Official Bio

Ruchira Gupta is an Emmy winning journalist and founder of the anti sex trafficking NGO, Apne Aap that helps women and girls exit systems of prostitution. I Kick and I Fly is her debut fiction novel.

She has been given the French Ordre National du Mérite, Clinton Global Citizen Award, and the UN NGO CSW Woman of Distinction among other honors for her contribution to the establishment of the UN Trafficking Fund for Survivors, the passage of the US Trafficking Victims Protection Act and her grassroots activism with Apne Aap. She has co-wriiten a book with Gloria Steinem, As if Women Matter and edited two anthologies, River of Flesh and Renu’s letters to Birju Babu.

She holds a Doctor of Humane Letters from Smith College. Ruchira has worked for the United Nations in Nepal, Thailand, Kosovo, Iran, and USA. She teaches occasionally as a visiting professor at New York University.

She divides her time between New York and Forbesganj, her childhood home in the foothills of the Himalayas, where she paints her mother’s garden.

My Story

Ever since I can remember my father told me bedtime stories. I wanted to be a story-teller just like him.

I wanted to write stories about girls who fix problems. When the school magazine actually published my article, The Autobiography of a Pencil, I was ten. I immediately resolved to be a journalist. 

I didn’t really want to go to college but the newspaper in Kolkata refused to give me a job without a degree. So, I went to college in the daytime and to work in the evening.  

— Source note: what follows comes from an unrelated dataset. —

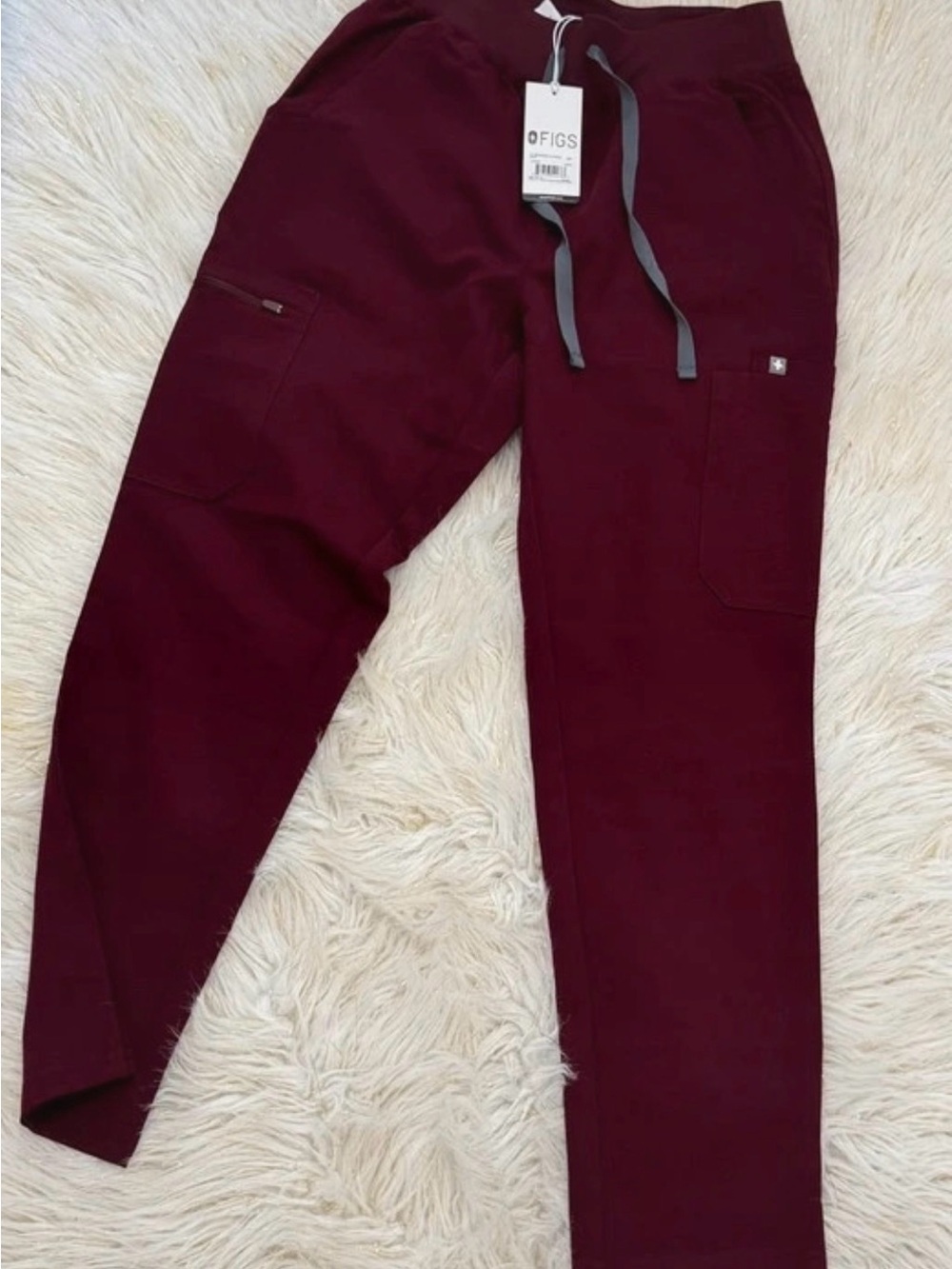 Figs Straight-Leg Scrub Pants in Burgundy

Once, while on assignment in Nepal I stumbled upon rows of villages with missing girls. I asked the villagers where all the girls were, and that question changed my life. I found that little girls as young as twelve were smuggled across the border and sold in brothels in India. I related the story in a documentary, The Selling of Innocents, and won an Emmy for Outstanding Investigative Journalism. 

As a journalist, I had covered famine and conflict, but I had never witnessed such intimate violence and on this scale. I wanted to do more. So, I quit journalism and started the NGO, Apne Aap inside the red-light areas of India and began to work with the United Nations all over the world. I made many friends. Slowly but surely, I became part of a global movement against sex-trafficking. 

I have won many awards. But I know that my work is not finished.  I have written I Kick and I Fly so I can share the movement with you. I am still happiest when I can curl up in a corner with a book or take a walk with my dog.